Being there of your own free will doesn't make the interminable wait more pleasant, though, especially when you can't even lie down. Among other things, psych patients always have all of their personal effects taken away. This doesn't make complete sense to me: while some items, such as nail files, could be used for self-harm, others couldn't. But I guess the rationale is, "better safe than sorry," even when a patient has said, "No, I'm not suicidal."
In this case, the confiscated items included two types of medication. One was an anti-anxiety med.
The ER was a zoo that day. Two other hospitals in town were on closed divert, so we were getting a steady stream of ambulances. This meant that waiting times were even longer than usual.
I'd prayed with the patient, who believed in God but wasn't conventionally religious. I kept stopping back to see how things were going. For a while, the patient and the family member were fine; if anything, the family member seemed more on edge than the patient did. But then I looked into the room and saw the patient's face contorted, as if tears might start pouring at any moment.
"Are you okay? You look really upset."
"I'm just -- I'm really anxious. I think I'm starting to have a panic attack. I really need my anxiety meds. Can you see if there's any way I can get them?"
I checked at the nursing station and was told, "No way!" (The thinking here, I believe, is that the psych hospital is in charge of psych meds, and that the ER staff isn't about to give the patient anything that could be used to OD.) I went back to the room to report this. The family member, very understandably, glared at me and said, "This is ridiculous! They can't do something that's going to help? They want a patient to go into a fullblown attack?"
I tried to find the patient's nurse, who was doing a procedure on another patient. I went back to the nursing station and was told to look for the doctor. I found the doctor, who listened very attentively -- especially considering how busy the department was -- and then said, "Have them put the chart up. I'll check in as soon as I can and see what we need to do."

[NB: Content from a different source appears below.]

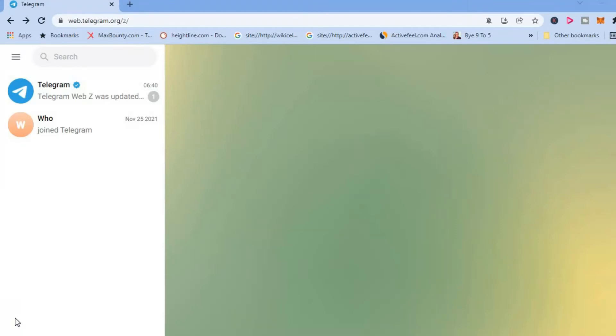Hello, welcome to Simple Answers. I'm your host Jason. In this video I'll be showing you how to change chat background on Telegram Web or how to set a custom photo as your background on Telegram Web on your laptop or computer.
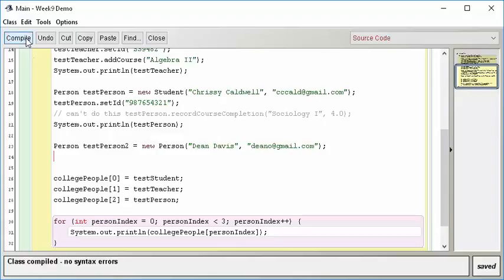That compiles, that'll run, everything's fine, but are there such persons at the college that are not anything specific? They're not students, they're not teachers, they're not staff, they're not anything, they're just plain persons? I don't know, that doesn't sound quite right, does it?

But more ambulances were coming in, and I had no idea how soon anything was going to happen. So I took a deep breath, went back into the room, and said, "The doctor's going to come in, but in the meantime, let's try to get you calmed down. You've told me how much you love the ocean, and I do too. I want you to close your eyes and imagine that you're walking on the beach."
I've been on the receiving end of plenty of guided meditations, but I'd never guided one myself. I included lots of instructions about slow breathing ("breathe in . . . now out . . . now in . . . now out") interspersed with sensory description. "You can smell the salt air and hear the seagulls, and as you look out at the incoming waves, you know that you're part of God's good creation and that God loves you. You feel the cool water on your feet and the sand between your toes. In the distance, dogs are running into the surf, chasing sticks their owners have thrown for them, and when they've retrieved the sticks, they race back onto the beach and leap for joy. The sunlight is warm on your shoulders."
I'd closed the door to the room, and because the patient had also complained of an oncoming headache, I'd turned the lights off. The hubbub of the department had faded. The only sounds were my voice and the soft rhythm of breathing: the patient's, the relative's, mine. The patient's face had relaxed, and when I described the dogs, I saw a smile.
At the end of the meditation, I said, "How do you feel now?"
The patient, eyes still closed, smiled again and said, "I feel like God's with me."
Score one for guided meditation.
I'll definitely be using this technique again, and I recommend it to anyone who needs a way to calm someone who feels panicky. I'm sure meds are more reliable, but this was a very effective stopgap measure.
When I left the room, the patient was napping, and my shift was over. I wish I knew what happened after that -- unfinished stories are one of the occupational hazards of ER ministry -- but I hope, and trust, that the patient's doing well now.